Microsoft Corp. said yesterday that its $69 billion deal to buy Activision Blizzard would benefit both gamers and gaming companies, according to Reuters.
The merger would hinder competition in the gaming industry after the FTC said this month in a complaint aimed at blocking the deal. As a result, Microsoft made those arguments in a filing aimed at convincing a Federal Trade Commission (FTC) judge to allow the deal to go forward.
The FTC said it was concerned that Activision Blizzard’s popular games, including “World of Warcraft” and “Diablo,” could be discontinued on the devices of Microsoft’s Xbox rival, and it will hold a hearing before an administrative law judge in August 2023.
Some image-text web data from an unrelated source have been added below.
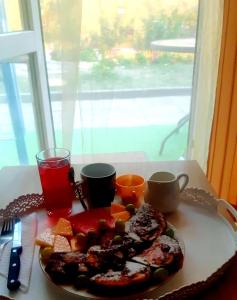 a plate of food on a table with two cups and drinks at Къща за гости Вълчеви Несебър in Nesebar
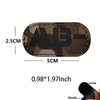 Tactical blood type patch with hook and loop backing featuring the letters AB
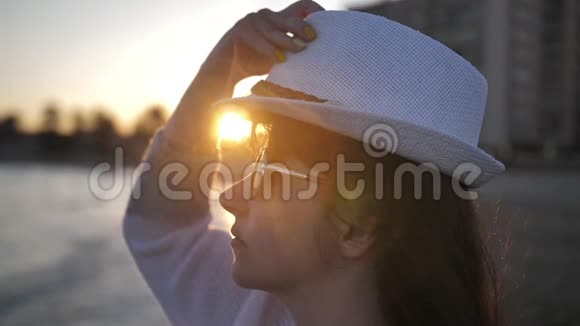 太阳眼镜的女人在日落时戴着帽子靠近大海慢动作视频的预览图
Microsoft President Brad Smith said in mid-December that the company has proposed a legally binding consent order with the Federal Trade Commission to provide Call of Duty games to competitors, including Sony, for 10 years.
“A third-ranked console maker acquiring a game company cannot disrupt a highly competitive industry. Especially when the manufacturer makes it clear that it will not have exclusive access to the game.” Microsoft stressed.
Smith said in a statement this week that he remains confident in the company’s legal case, but remains “committed to reaching creative solutions with regulators. Activision CEO Bobby Kotick said in a statement yesterday that he believes both companies will win their legal battles with the trade commission.
In addition, Microsoft’s deal is also facing scrutiny outside the U.S., with the European Union saying it will decide whether to approve or block the deal by March 23, 2023.